**Data records:**

+ + + + + + +

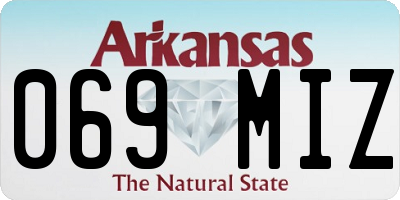AR license plate 069MIZ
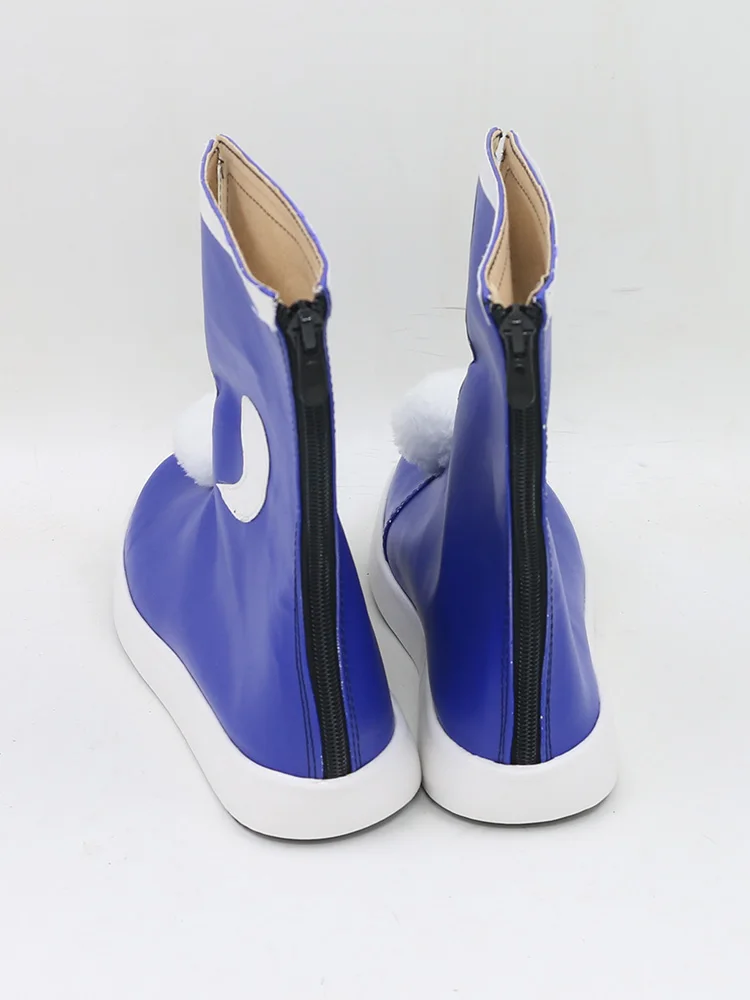 Gyu Twin Princess Rein Cosplay Schoenen Laarzen Halloween Anime Blauwe Laarzen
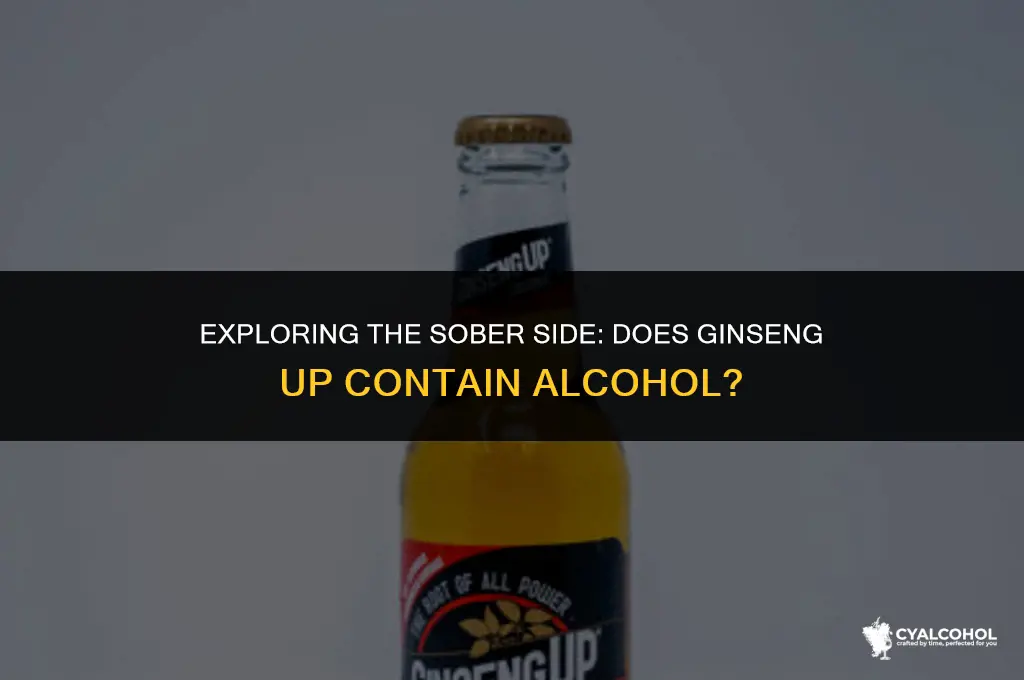 does ginseng up have alcohol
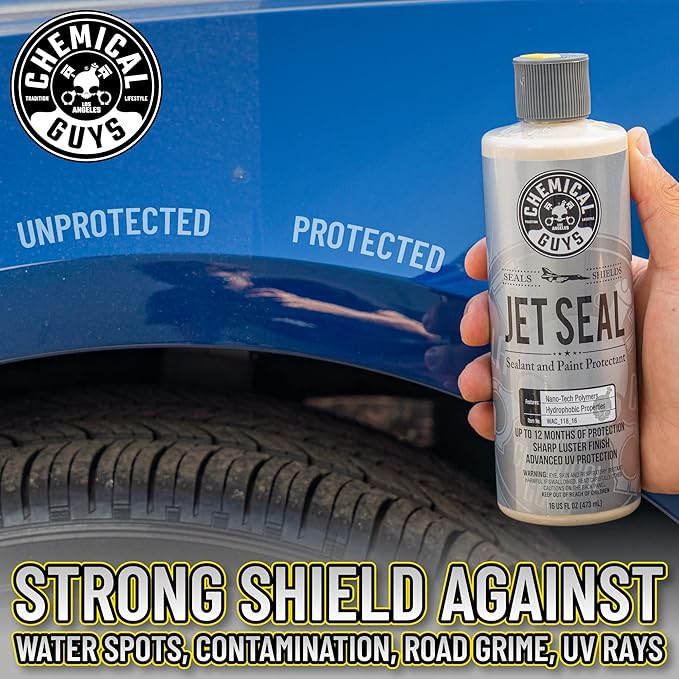 Chemical Guys JetSeal Anti-Corrosion Sealant & Paint Protectant - Advanced Car Paint Sealant for Trucks, Motorcycles, SUVs & RVs, Provides Durable Protection & High Gloss Finish, 16 oz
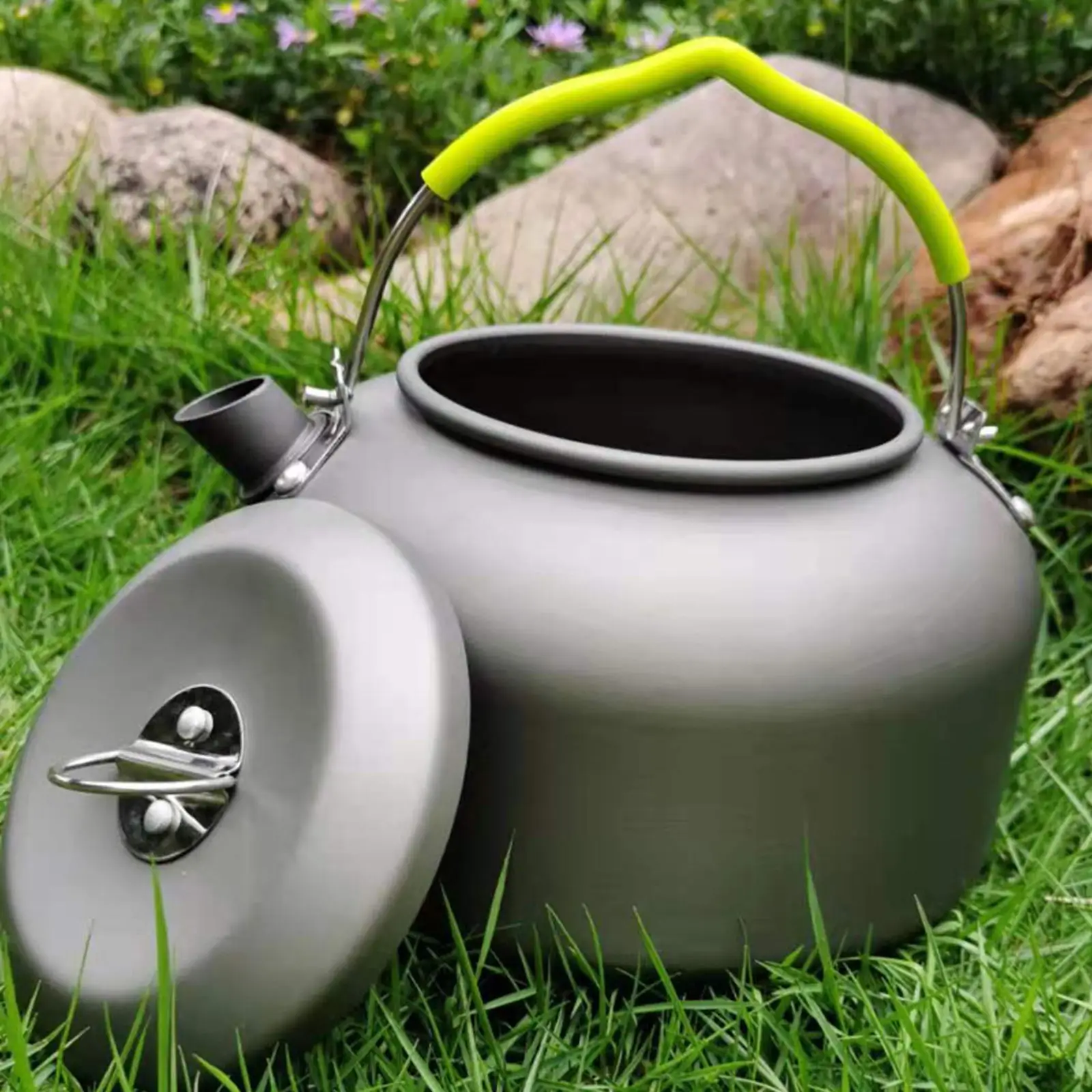 NPOT Camping Kettle Outdoor Coffee Pot Teapot Water Pot for Hiking Picnic Cooking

+ + + + + + +

**Instructions to follow:**
Needed here is only the span from the line with "Chemical Guys JetSeal" through the last line of the entries, copied exactly with both ends and without pictures.

**Exercise output:**
 Chemical Guys JetSeal Anti-Corrosion Sealant & Paint Protectant - Advanced Car Paint Sealant for Trucks, Motorcycles, SUVs & RVs, Provides Durable Protection & High Gloss Finish, 16 oz
 NPOT Camping Kettle Outdoor Coffee Pot Teapot Water Pot for Hiking Picnic Cooking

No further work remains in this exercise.